For v6 of laravel-backup, I took to the time to rewrite the testsuite to make use of these new features.

Let's take a look at the package can clean up old backups. In this test we create 1000 backups with different ages. Then we run the backup:clean command and verify that some backups are still there and some have been deleted.

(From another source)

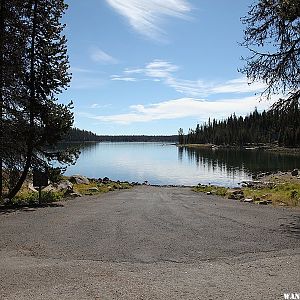 Boat launch at Elk Lake Campground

Here's the old code first. I edited it slightly for brevity. In this old code I still had to setup a temp directory and to fake a filesystem myself.

/** @test */
public function it_can_remove_old_backups_from_the_backup_directory()
{
    $allBackups = collect();

    collect(range(0, 1000))->each(function (int $numberOfDays) use ($allBackups) {
        $date = Carbon::now()->subDays($numberOfDays);

        $allBackups->push($this->testHelper->createTempFileWithAge("mysite/test_{$date->format('Ymd')}_first.zip", $date));
        $allBackups->push($this->testHelper->createTempFileWithAge("mysite/test_{$date->format('Ymd')}_second.zip", $date->addHour(2)));
    });

    $remainingBackups = collect([
        'mysite/test_20131231_first.zip',
        'mysite/test_20141231_first.zip',
        'mysite/test_20150630_first.zip',
        // ...
    ]);

    Artisan::call('backup:clean');

    $this->assertTempFilesExist($remainingBackups->toArray());

    $deletedBackups = $allBackups
        ->map(function ($fullPath) {
            $tempPath = str_replace($this->testHelper->getTempDirectory().'/', '', $fullPath);

            return $tempPath;
        })
        ->reject(function (string $deletedPath) use ($remainingBackups) {
            return $remainingBackups->contains($deletedPath);
        });

    $this->assertTempFilesNotExist($deletedBackups->toArray());
}

And here's the new version. Here we can just make use a faked filesystem and use some cool collection methods that were added to recent Laravel versions. It's not less lines of code, but the intent of the code is more clear.

/** @test */
public function it_can_remove_old_backups_from_the_backup_directory()
{
    $this->setNow(2016, 1, 1);

    [$expectedRemainingBackups, $expectedDeletedBackups] = Collection::times(1000)
        ->flatMap(function (int $numberOfDays) {
            $date = now()->subDays($numberOfDays);

            return [
                $this->createFileOnDisk('local', "mysite/test_{$date->format('Ymd')}_first.zip", $date),
                $this->createFileOnDisk('local', "mysite/test_{$date->format('Ymd')}_second.zip", $date->addHour(2)),
            ];
        })->partition(function (string $backupPath) {
            return in_array($backupPath, [
                'mysite/test_20131231_first.zip',
                'mysite/test_20141231_first.zip',
                'mysite/test_20150630_first.zip',
                // ... 
            ]);
        });

    $this->artisan('backup:clean')->assertExitCode(0);

    Storage::disk('local')
       ->assertExists($expectedRemainingBackups->toArray())
       ->assertMissing($expectedDeletedBackups->toArray());
}

It's great to see just how the features added to Laravel enabled me to write clearer code. Though regular users will never see them, these rewritten tests will improve the experience that contributors will have when working on the package.

In closing

Don't think that using backups of your hosting provider is enough. They can fuck up too. If you want to know more about the features of laravel-backup itself, go read the docs.